Due to the strong presence of KNIL troops in Sulawesi and other parts of East Indonesia, there was much suspicion towards the intentions of the unitary central government in Jakarta. Efforts were made to integrate the KNIL into the RUSI army, but this was impeded by mutual distrust between the predominantly Javanese Indonesian military and the largely Ambonese and Minahasan KNIL. In the State of East Indonesia, the Justice Minister Soumokil banned all public meetings and jailed pro-Republican leaders in response to public pro-Republic protests. On 5 April 1950, the Jakarta central government dispatched a force of 700 Republican troops under Colonel Sunkono and Colonel Mokoginto to persuade the East Indonesian President Soekawati to join the Republic and to step down. These troops were further augmented by 200 pro-Republican guerrillas in the Makassar region.

Fears that this deployment would shift the balance in favour of pro-Republican elements and lead to disorder prompted Soumokil and other pro-federal elements to convince the local KNIL forces to launch a coup. KNIL Captain Andi Aziz commanded a force of 350 KNIL troops in Makassar. At the urging of Soumokil, Aziz's force overwhelmed the few local Republican troops and their guerrilla allies before seizing control of the city. They then prevented the 700 RUSI reinforcements from landing by firing artillery at their troop transports, forcing them to retreat. Aziz defended his actions by claiming to uphold the Federal Constitution which guaranteed the autonomy of the federal states including East Indonesia. He also claimed that he had discovered documents alleging that Sukarno was collaborating with the Indonesian Communist Party and the Soviet Union to destroy the "capitalist and upper classes" and establish a unitary state, paving the way for a communist take-over.
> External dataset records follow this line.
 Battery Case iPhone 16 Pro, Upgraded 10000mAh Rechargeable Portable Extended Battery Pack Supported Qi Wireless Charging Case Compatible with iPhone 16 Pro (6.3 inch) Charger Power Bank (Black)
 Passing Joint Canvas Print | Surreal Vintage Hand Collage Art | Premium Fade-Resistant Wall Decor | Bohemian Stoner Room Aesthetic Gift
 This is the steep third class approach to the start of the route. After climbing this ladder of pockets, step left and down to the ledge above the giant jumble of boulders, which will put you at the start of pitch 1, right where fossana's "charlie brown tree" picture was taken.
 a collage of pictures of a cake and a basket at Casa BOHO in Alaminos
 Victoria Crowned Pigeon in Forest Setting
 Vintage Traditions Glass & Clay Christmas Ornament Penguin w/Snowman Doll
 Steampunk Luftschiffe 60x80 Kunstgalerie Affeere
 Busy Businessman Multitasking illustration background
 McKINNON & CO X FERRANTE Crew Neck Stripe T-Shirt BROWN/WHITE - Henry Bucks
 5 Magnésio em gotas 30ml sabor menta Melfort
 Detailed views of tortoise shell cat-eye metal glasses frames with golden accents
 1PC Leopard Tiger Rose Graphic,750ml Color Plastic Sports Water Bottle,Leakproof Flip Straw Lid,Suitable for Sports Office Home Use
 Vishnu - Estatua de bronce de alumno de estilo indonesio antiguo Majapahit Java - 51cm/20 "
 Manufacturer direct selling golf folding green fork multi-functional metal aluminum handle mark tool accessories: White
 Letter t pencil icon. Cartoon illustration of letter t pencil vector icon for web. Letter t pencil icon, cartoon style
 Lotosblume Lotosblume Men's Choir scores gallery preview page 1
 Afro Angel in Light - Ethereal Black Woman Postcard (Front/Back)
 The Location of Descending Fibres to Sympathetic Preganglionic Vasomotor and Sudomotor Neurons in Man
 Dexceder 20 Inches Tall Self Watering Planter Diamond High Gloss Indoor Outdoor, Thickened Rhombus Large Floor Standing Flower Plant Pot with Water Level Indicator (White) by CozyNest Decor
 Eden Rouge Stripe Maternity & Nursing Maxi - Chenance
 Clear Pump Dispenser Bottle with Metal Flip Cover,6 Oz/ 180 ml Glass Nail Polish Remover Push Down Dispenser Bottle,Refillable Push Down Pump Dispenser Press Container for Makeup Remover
However, most of the East Indonesian government including President Soekawati refused to condone or support his coup. By 13 April, President Sukarno had denounced Aziz's insurgency and deployed RUSI forces to crush the rebellion in South Sulawesi. Wanting to maintain working relations with the Jakarta government, Soekawati convinced Aziz to come to Jakarta to negotiate with Sukarno's government. He was also granted a safe-conduct pass by Sukarno and the United Nations Commission for Indonesia to fly to Jakarta. However upon arrival, he was arrested by the Sultan of Yogyakarta Hamengkubuwono IX who incarcerated him in his private prison. The capture of Aziz ended resistance and allowed 2,000 RUSI troops to swiftly occupy Makassar by 21 April.

== Aftermath ==
The elimination of the KNIL as a political actor allowed Republican factions in the East Indonesian parliament to assume a majority. The federalist Prime Minister Diapari was replaced by Martinus Putuhena, who declared martial law and established an Emergency Government in South Sulawesi which was controlled directly by Jakarta. Following the release of Republican political prisoners, guerrilla forces in the upland regions launched attacks against pro-Dutch aristocrats in the urban areas. This led to further fighting with the remaining KNIL units and the abolishment of local aristocratic principalities.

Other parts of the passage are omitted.